著者
山田 将弘 森寺 邦晃 森 聡
出版者
公益社団法人 日本理学療法士協会
雑誌
理学療法学Supplement Vol.44 Suppl. No.2 (第52回日本理学療法学術大会 抄録集)
巻号頁・発行日
pp.0350, 2017 (Released:2017-04-24)

【目的】拡散圧力波は2015年より保険適応で使用可能となり,当院では難治性の足底腱膜炎に対して拡散圧力波を取り入れた治療を行っている。足底腱膜炎に対しては体外衝撃波(集中衝撃波)の研究報告が世界で数例報告されている。しかし,本邦において足底腱膜炎への拡散圧力波による治療介入の報告は,我々が調査した限りでは見当たらない。そこで拡散圧力波を使用し,一定の結果と傾向が得られたため,その治療結果を文献的考察を含めここに報告する。【方法】足底腱膜炎と診断され拡散圧力波による介入を行った患者6名(男性1名72歳,女性7名67.80±11.71歳)7脚を対象とした。初診時の罹患期間は半年から一年半であった。調査期間はH28.5.16~H28.9.30とした。治療内容は,患部への拡散圧力波照射と足底筋に対するストレッチを行った。治療機器はGymna社製,Physio-ShockMasterを使用し,拡散圧力波を圧痛部位に疼痛閾値程度の刺激強度(1.5~4.0bar)で照射し,周波数は8~16Hz,shock数は2000shocks,で統一した。治療頻度はGerdesmeyerの先行研究に習い,週に1回(最小6日・最大14日)とした。痛みの程度をVisual analog scale(以下:VAS)を用いて評価した。初回,1週間ごとに計測し痛みの推移をみた。また拡散圧力波照射前後でVASを計測し,照射前後での痛みの変化を最大8週間計9回までみた。さらに患者の主観を内政調査で聴取した。拡散圧力波照射前後のVASに対し対応のあるt検定を使用し統計学的処理を行った。統計学的有意水準は5%(片側2.5%)未満とした。統計ソフトはStat flex Ver6.0を使用した。
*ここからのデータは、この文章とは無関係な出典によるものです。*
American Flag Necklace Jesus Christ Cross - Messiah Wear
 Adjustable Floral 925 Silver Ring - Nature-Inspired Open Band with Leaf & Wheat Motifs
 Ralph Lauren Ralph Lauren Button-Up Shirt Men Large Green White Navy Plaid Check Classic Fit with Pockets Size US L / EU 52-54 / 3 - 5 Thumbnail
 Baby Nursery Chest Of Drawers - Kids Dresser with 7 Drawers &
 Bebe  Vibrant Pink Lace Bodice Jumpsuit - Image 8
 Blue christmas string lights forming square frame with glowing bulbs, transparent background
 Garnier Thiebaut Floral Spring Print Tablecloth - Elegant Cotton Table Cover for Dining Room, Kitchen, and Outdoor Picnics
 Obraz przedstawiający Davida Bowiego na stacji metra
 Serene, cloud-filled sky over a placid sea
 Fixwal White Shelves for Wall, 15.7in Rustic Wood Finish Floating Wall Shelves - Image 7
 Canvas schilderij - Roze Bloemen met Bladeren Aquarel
【結果】初回のVAS平均66.14±12.67mmであった。6名7脚全ての患者で1週ごとにVASは漸減傾向を示し,4名5脚で4週目でのVASが10mm以下となった。また残りの2名2脚においても8週目でVASは10mm以下となった。拡散圧力波の照射前後でのVASは有意に低下した(p<0.01)。口頭による内政調査では,4名において「朝の一歩目以外は痛くない」との回答が得られた。【結論】1週ごとにVAS値は漸減傾向を示し,4週目でVASが2名を除いた4名5脚においてほぼ0mmに近い値となり,良好な治療効果が得られた。残りの2名2脚に関しても8週目でVASが10mmを切る値となっていた。拡散圧力波の照射前後でVASは有意に低下しており,即時の除痛効果が期待できることが示唆された。拡散圧力波はクラスIIの機器であるため,クラスIIIの機器である体外衝撃波と比べて安全に使用しやすいと思われる。我々の拡散圧力波を用いた方法は拡散衝撃波を用いた諸家の報告と同等の治療効果が得られており,足底腱膜炎に対する拡散圧力波照射は有用な治療法であることが示唆された。